**DESCRIPTION OF THE TASK**:
With the pictures left out, retype exactly the lines below starting at the line that contains "2027 Cadillac OPTIQ Luxury" and ending at the line that contains "Preisvergleich Produktbild Extech".

**ENTRIES PROVIDED**:
━━━━━━━━━━━━━━━━━━━━━━━━━━━━━━
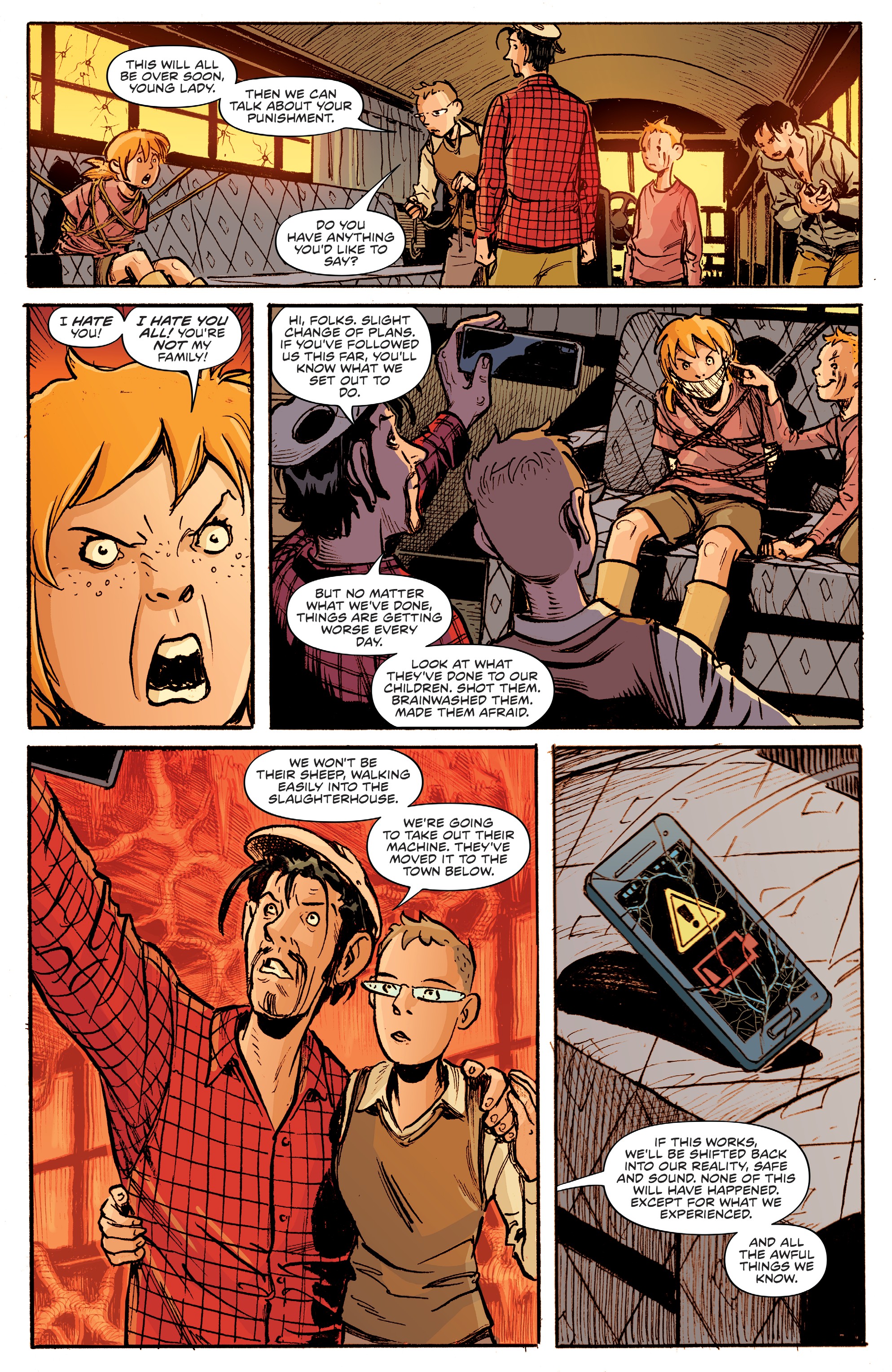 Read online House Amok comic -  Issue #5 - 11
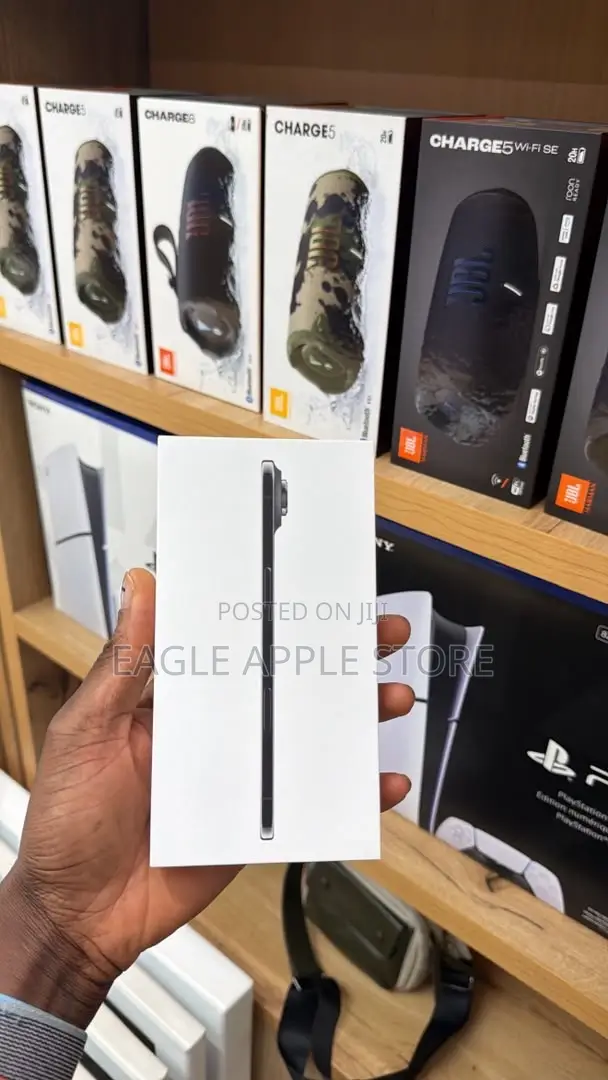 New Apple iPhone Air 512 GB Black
━━━━━━━━━━━━━━━━━━━━━━━━━━━━━━
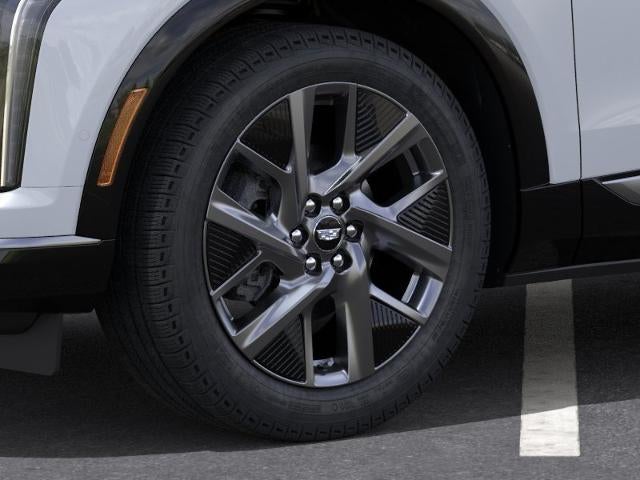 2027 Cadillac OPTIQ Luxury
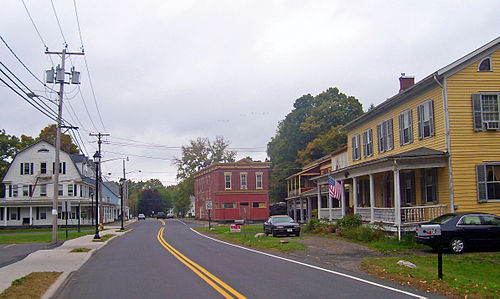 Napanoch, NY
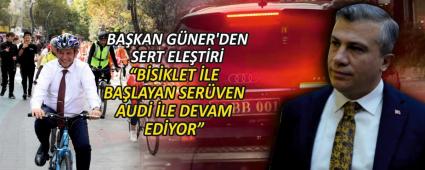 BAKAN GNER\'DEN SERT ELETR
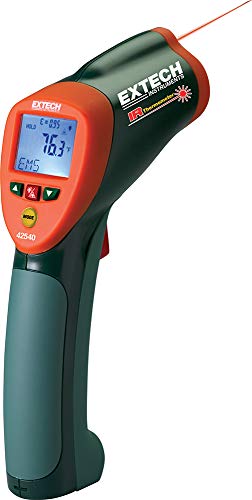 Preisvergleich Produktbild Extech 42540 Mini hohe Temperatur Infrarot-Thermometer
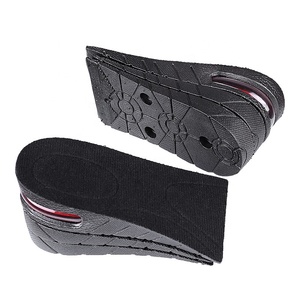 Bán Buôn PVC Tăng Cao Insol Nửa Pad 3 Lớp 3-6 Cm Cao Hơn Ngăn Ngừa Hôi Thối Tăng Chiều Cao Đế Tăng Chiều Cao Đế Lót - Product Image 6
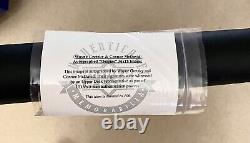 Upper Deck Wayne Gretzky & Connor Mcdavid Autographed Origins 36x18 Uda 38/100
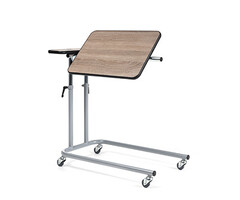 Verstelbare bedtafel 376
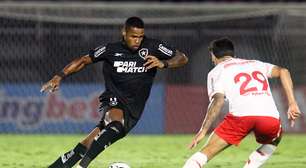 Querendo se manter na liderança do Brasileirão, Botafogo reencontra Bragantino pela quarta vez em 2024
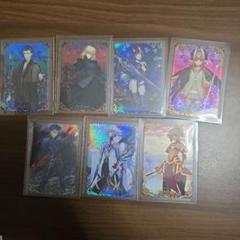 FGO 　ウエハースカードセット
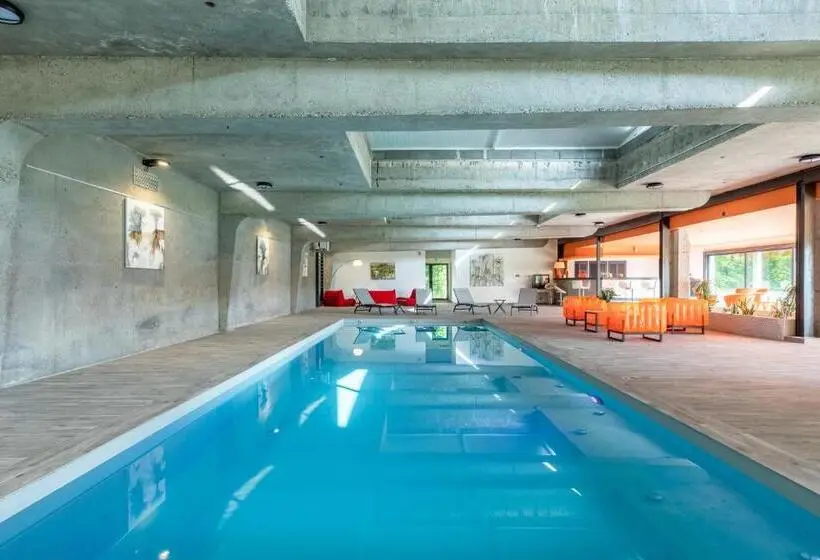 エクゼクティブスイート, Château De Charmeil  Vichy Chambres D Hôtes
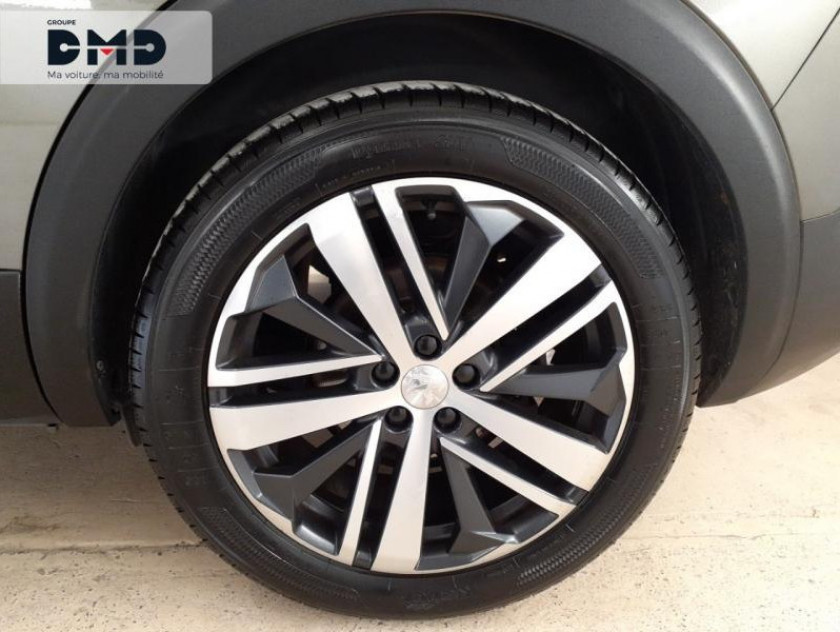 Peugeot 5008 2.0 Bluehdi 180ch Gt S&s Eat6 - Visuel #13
━━━━━━━━━━━━━━━━━━━━━━━━━━━━━━
**ANSWER TO THIS PROBLEM**:
 2027 Cadillac OPTIQ Luxury
 Napanoch, NY
 BAKAN GNER\'DEN SERT ELETR
 Preisvergleich Produktbild Extech 42540 Mini hohe Temperatur Infrarot-Thermometer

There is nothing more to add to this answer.